### What the task requires
Drop the pictures and repeat the remaining data exactly.

### Information provided
%%

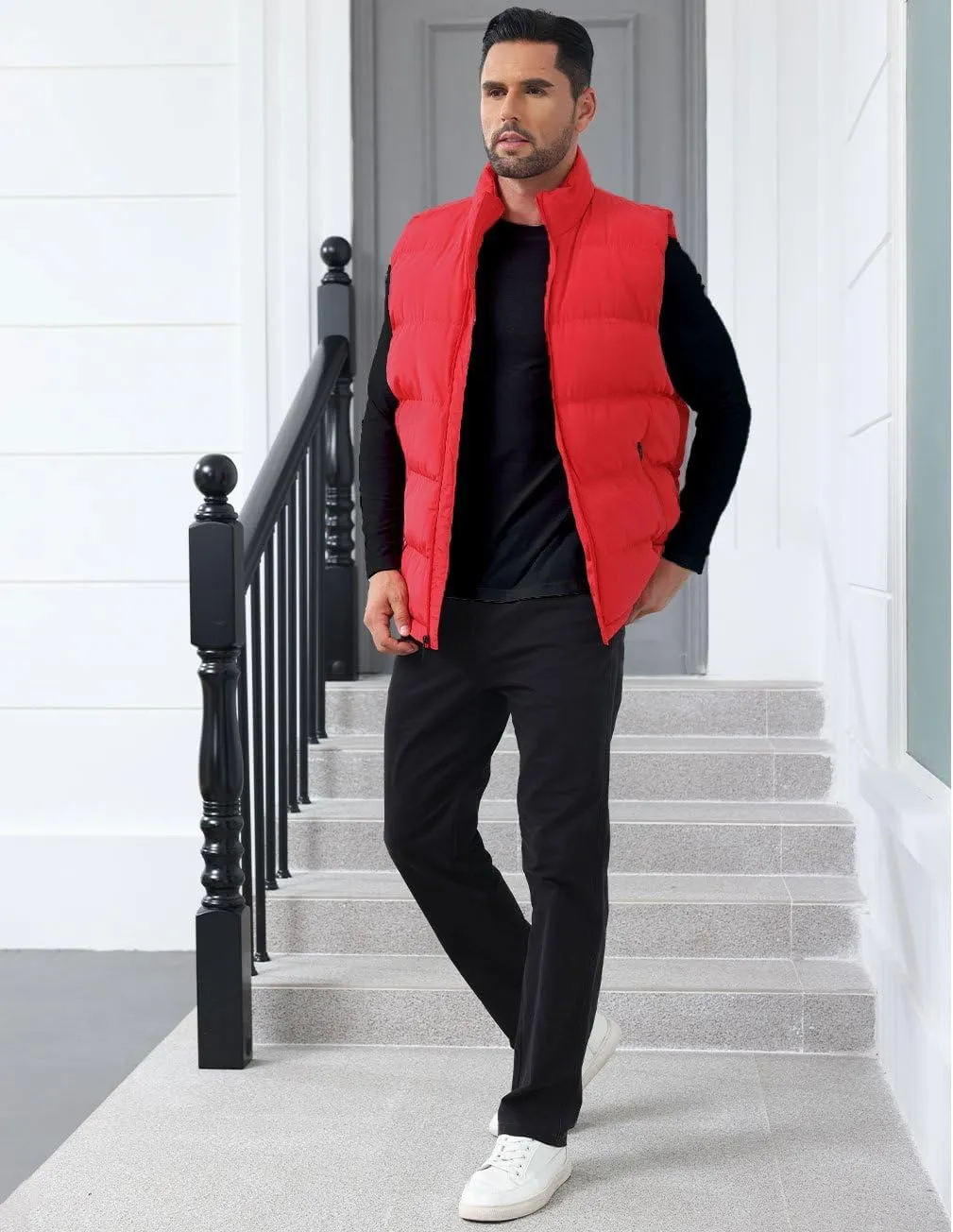 Men'S Winter Lightweight Puffer Vest Sleeveless Jacket Casual Puffy Vests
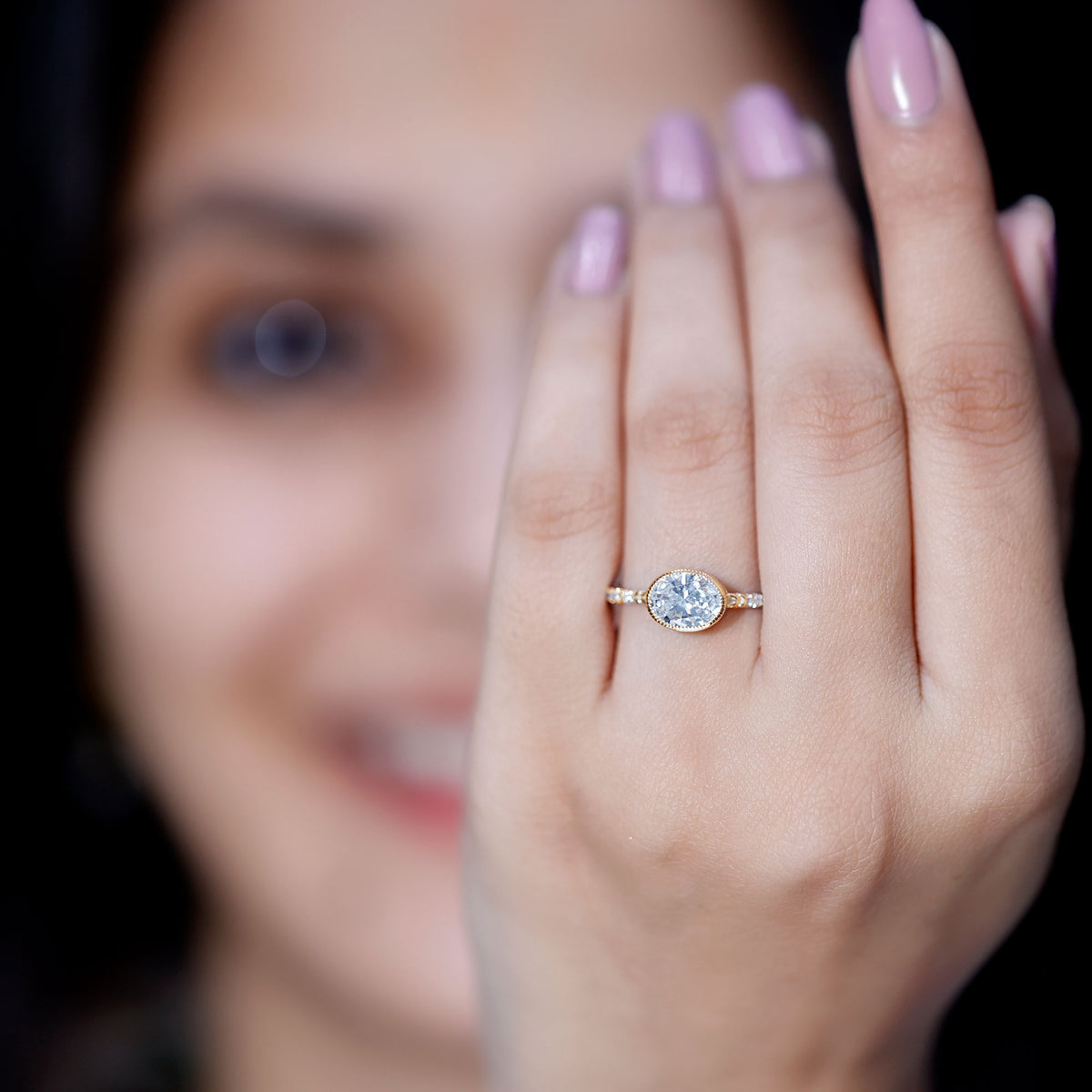 Oval Lab Grown Diamond Solitaire Engagement Ring in Bezel Setting Lab - ( EF-VS ) - Rosec Jewels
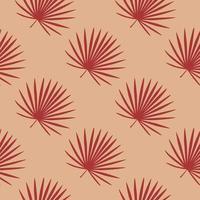 Doodle seamless stylized exotic pattern with maroon talipot leaf ornament. Simple elements on coral background. vector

%%

### Task answer
 Men'S Winter Lightweight Puffer Vest Sleeveless Jacket Casual Puffy Vests
 Oval Lab Grown Diamond Solitaire Engagement Ring in Bezel Setting Lab - ( EF-VS ) - Rosec Jewels
 Doodle seamless stylized exotic pattern with maroon talipot leaf ornament. Simple elements on coral background. vector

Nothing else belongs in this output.